Two other proposed alternatives which could help reduce the incidence of nasal complications due to non-invasive respiratory support in the neonatal intensive care unit would be: 1) Hood CPAP system, based on its high tolerability and good pressure transmission without the risk on inappropriate positioning of nasal prongs thereby avoiding nasal trauma [33]; and 2) Nasal High-Frequency Ventilation (nHFV), an increasingly popular mode used as an alternative to nCPAP in preterm infants which requires smaller prongs and a looser fixation into the nares, reducing the rates of nasal injury in this population [1].

Thus far, there are limited reports in the literature concerning nasal injury complications. Previous to the classification suggested by Fischer et al., descriptions and definitions of nasal trauma were highly variable; this adaptation of US National Pressure Ulcer Advisory Panel classification, however, uniformizes the descriptive registry, if implemented in the NICU setting. Once our nursing team is not attuned to this codification, interindividual variability regarding the description of clinically identified nasal injuries cannot be disregarded. In light of this, we consider beneficial to the nasal injury incidence if a formative process to the nursing team is carried out in our local NICU, to acquaint it with the same classification and, therefore, create more homogenous electronic records, helpful for the ensuing assessment and management.

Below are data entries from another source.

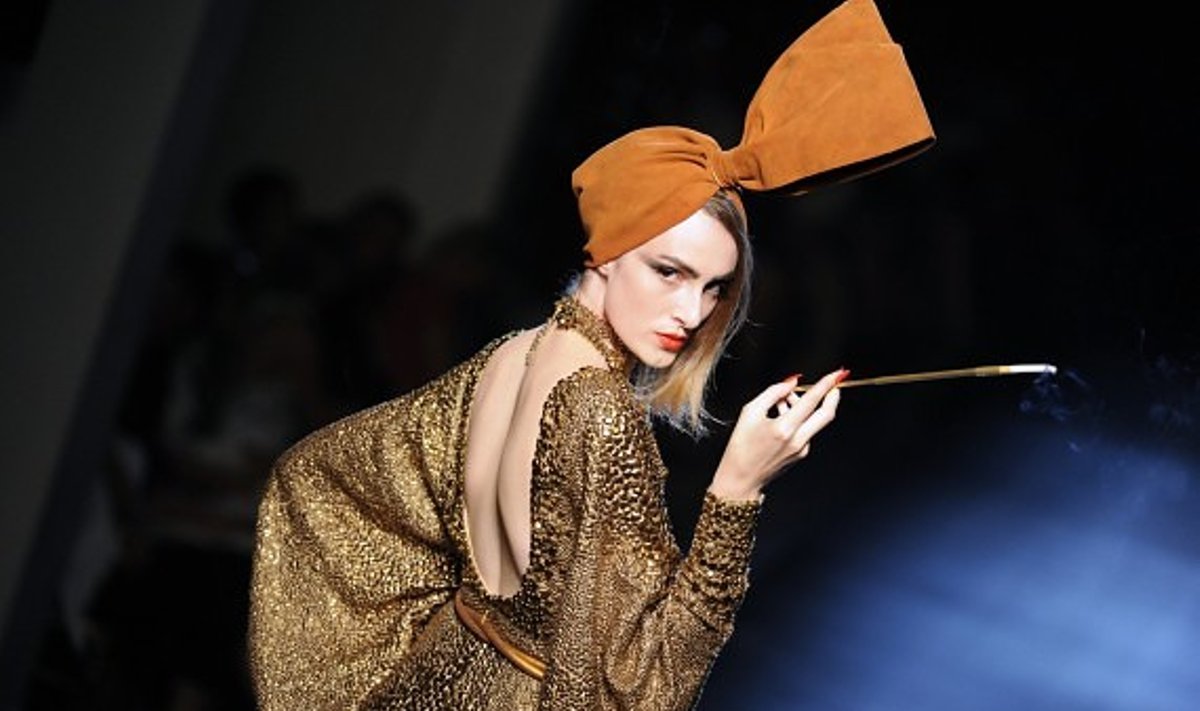 Jean Paul Gaultier. Haute Couture kolekcija 2010-2011 m. rudeniui-žiemai. 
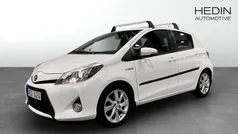 Vit (white) Begagnad 2013 Toyota Yaris Halvkombi | 105 900 kr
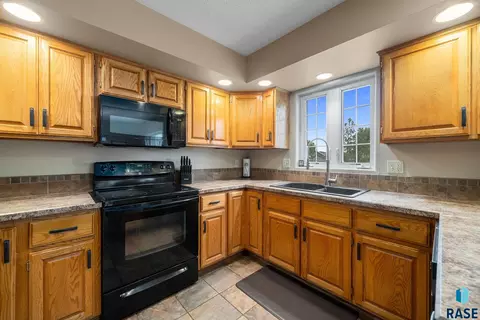 Kitchen - 27210 Lovely Pl, Tea, SD 57064 photo 2 of 5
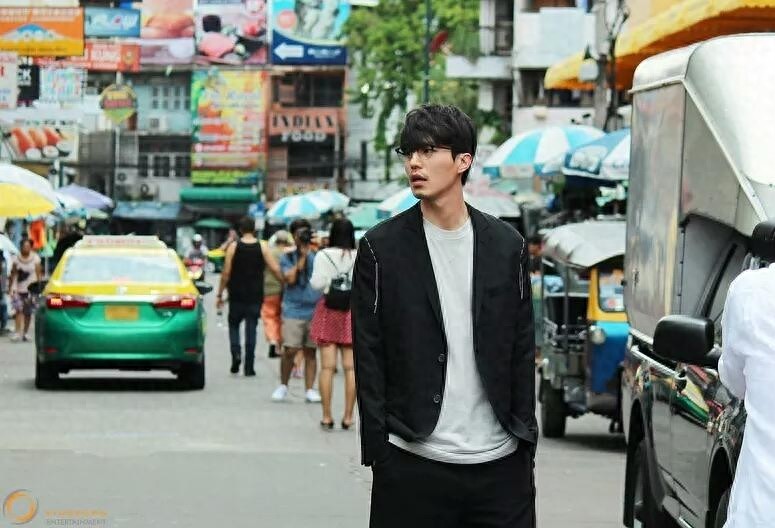 韩国人气男星李栋旭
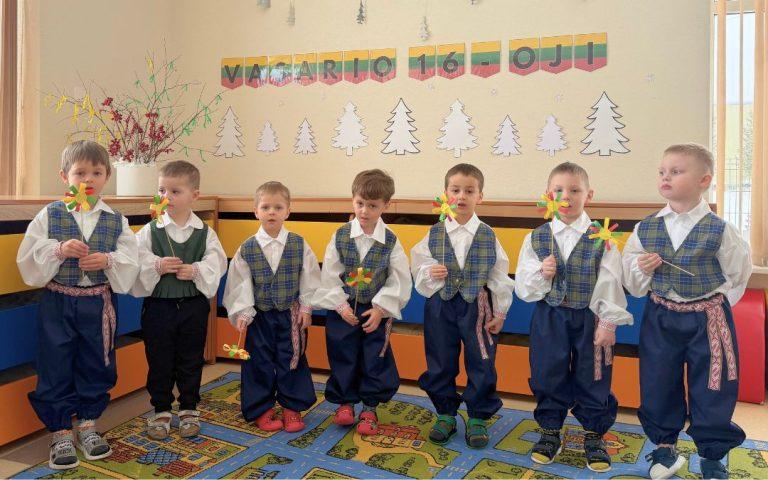 Vasario 16-oji „Zuikučių” grupėje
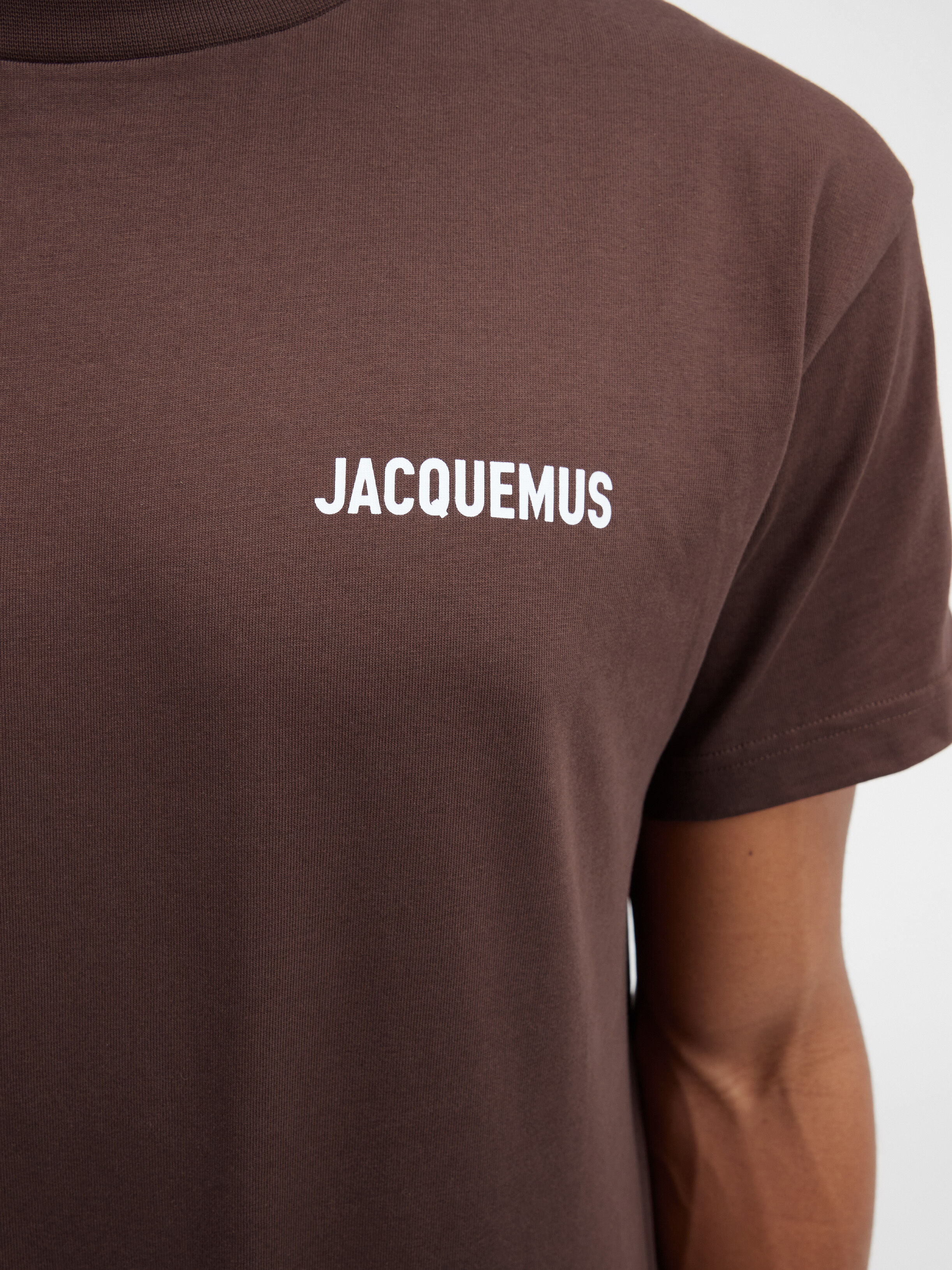 Le t-shirt Jacquemus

The use of the same nCPAP system during the study strengthens its internal validity, even if it limits its generalizability. Other limitations of this study are to be a retrospective one, to have a small size sample and to represent a single center experience.

5 Conclusion

Nasal injury due to nCPAP use is relatively frequent in very low birth weight preterm infants. Even with skilled nursing care, involving monitoring of the skin and use of protective barriers, it can be difficult to prevent nasal breakdown. Since the duration of nCPAP ventilation and the use of oxygen therapy present as significant risk factors for the onset of trauma, it is strongly advised to limit the time on nasal prongs, in order to prevent this potentially critical situation. While on nCPAP, relieving the pressure is key to healing and prevention and prominence should be given to the correct sizing of binasal prongs and alternation between nasal prongs and mask if any signs of skin lesion are identified.

Disclosure statements

André Guimarães does not have conflicts of interest. Gustavo Rocha does not have conflicts of interest. Hercília Guimarães does not have conflict of interest.

The authors did not receive funding to write this paper from any entity in the public of private domains.

Manuela Rodrigues does not have any conflict of interest.